## Task instructions
Every entry below is to be copied exactly, apart from any picture it holds.

__________

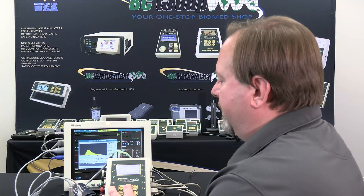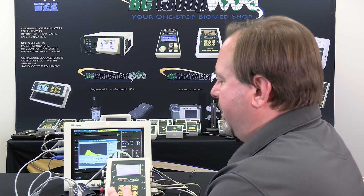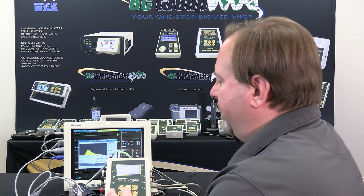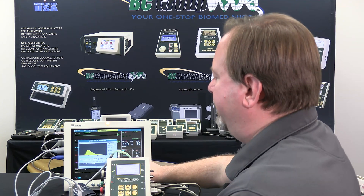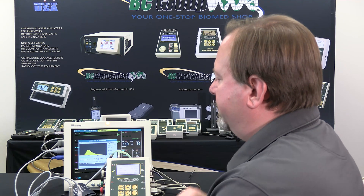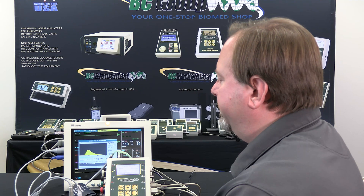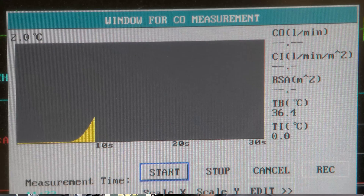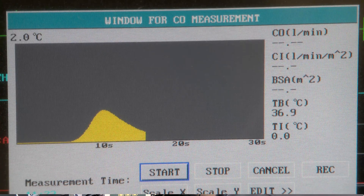We can change the flow rate and the injectate temperature on the NAVP-1040 using the select and the up-down arrows. In this case we're going to go for a 5.0 liter per minute injection. Again we start the monitor first so that it's ready and monitoring the input, and then we start the simulation. The monitor will read the simulated temperature and provide a measurement of the flow rate.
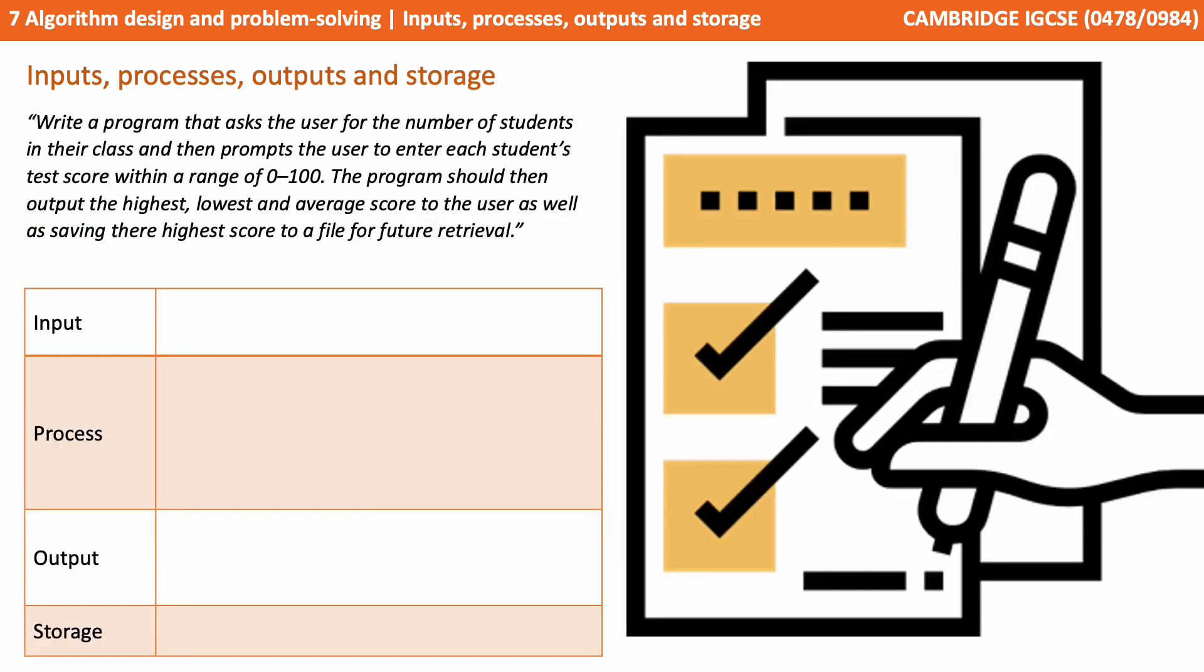Write a program that asks the user for the number of students in their class, and then prompts the user to enter each student's test score within the range of 0 to 100. The program should then output the highest, the lowest, and the average score to the user, as well as saving the highest score to a file for future retrieval. Pause the video and see if you can jot down the inputs, processes, outputs and storage needed for this problem.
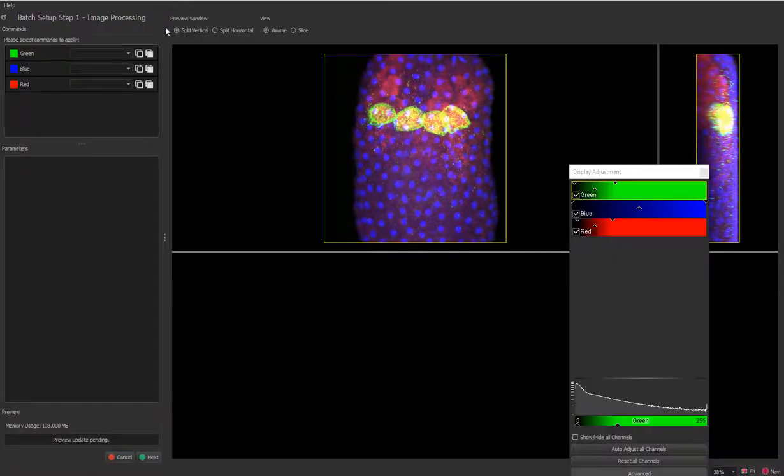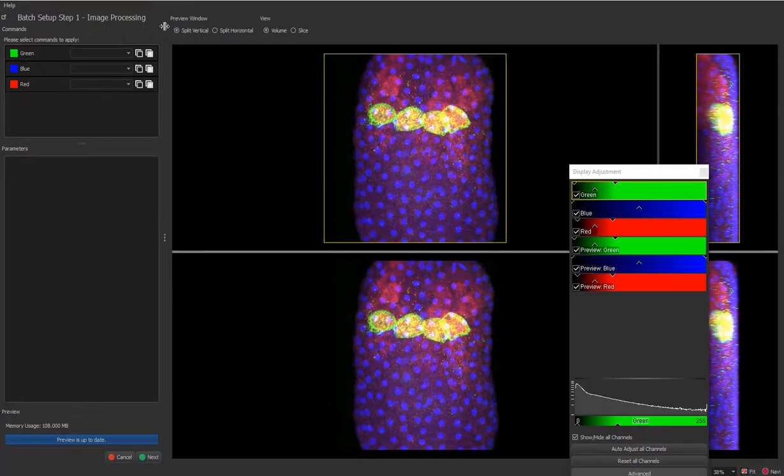Batch Pipeline Creator consists of two major steps: Batch Setup Step 1, image processing and Batch Setup Step 2, objects.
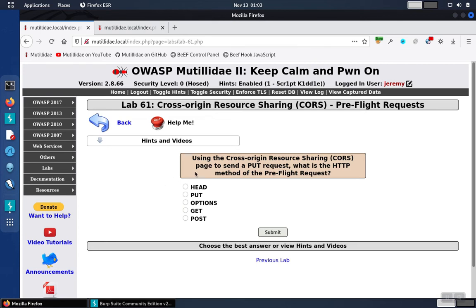Lab 61 is asking about CORS preflight request. Specifically, it wants to know what's the HTTP method of the preflight request.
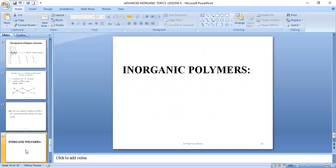Next time we are going to look at inorganic key polymers.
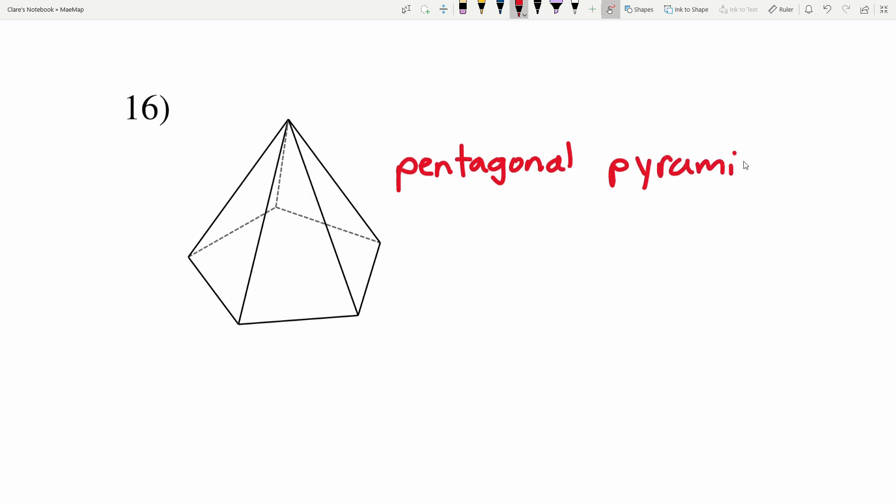That wraps up our classifying solids worksheet. If you have any questions, leave them in the comments below, or check out my tutorial page for more in-depth explanations. You can find more videos on my YouTube channel and on my website maemap.com. Don't forget to like, subscribe, and share.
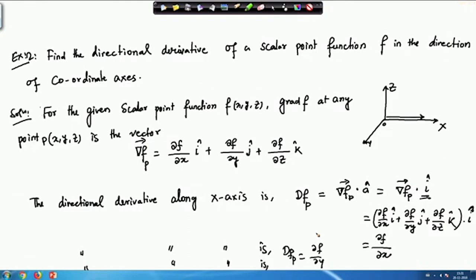For example, if you are given f = x²y + 3y²z and asked to calculate the directional derivative along the x-axis, you simply calculate ∂f/∂x, and that will be your required answer at point P. This is an interesting example which I wanted to show.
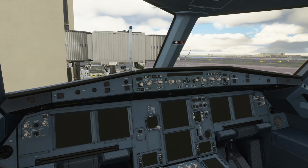Hello, this is TicTac. In this video I will show you how to start up your Airbus A320 Neo in Microsoft Flight Simulator.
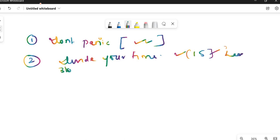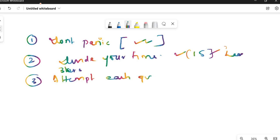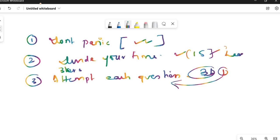Third tip: attempt each and every question. If you know anything related to the question, attempt it, because while checking the copy, suppose if you get 31 marks, this one grace mark you can get from that question. So if you have solved some portion of any question, teachers can give you grace marks for that.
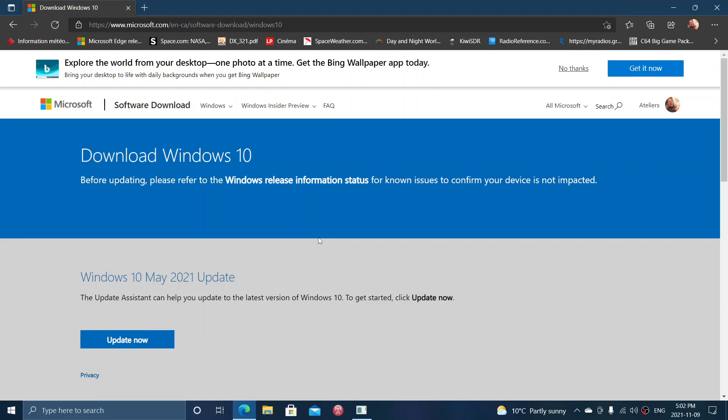This is something you can check out, but at least move on to 21H1, I think is a good idea as it works well and everything's fine. These are small cumulative updates that shouldn't take that long. So if you are stuck at version 2004, it's time to move on.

__________

## Response box
We can change the flow rate and the injectate temperature on the NAVP-1040 using the select and the up-down arrows. In this case we're going to go for a 5.0 liter per minute injection. Again we start the monitor first so that it's ready and monitoring the input, and then we start the simulation. The monitor will read the simulated temperature and provide a measurement of the flow rate.
Write a program that asks the user for the number of students in their class, and then prompts the user to enter each student's test score within the range of 0 to 100. The program should then output the highest, the lowest, and the average score to the user, as well as saving the highest score to a file for future retrieval. Pause the video and see if you can jot down the inputs, processes, outputs and storage needed for this problem.
Batch Pipeline Creator consists of two major steps: Batch Setup Step 1, image processing and Batch Setup Step 2, objects.
Lab 61 is asking about CORS preflight request. Specifically, it wants to know what's the HTTP method of the preflight request.
Next time we are going to look at inorganic key polymers.
That wraps up our classifying solids worksheet. If you have any questions, leave them in the comments below, or check out my tutorial page for more in-depth explanations. You can find more videos on my YouTube channel and on my website maemap.com. Don't forget to like, subscribe, and share.
For example, if you are given f = x²y + 3y²z and asked to calculate the directional derivative along the x-axis, you simply calculate ∂f/∂x, and that will be your required answer at point P. This is an interesting example which I wanted to show.
Hello, this is TicTac. In this video I will show you how to start up your Airbus A320 Neo in Microsoft Flight Simulator.
Third tip: attempt each and every question. If you know anything related to the question, attempt it, because while checking the copy, suppose if you get 31 marks, this one grace mark you can get from that question. So if you have solved some portion of any question, teachers can give you grace marks for that.
This is something you can check out, but at least move on to 21H1, I think is a good idea as it works well and everything's fine. These are small cumulative updates that shouldn't take that long. So if you are stuck at version 2004, it's time to move on.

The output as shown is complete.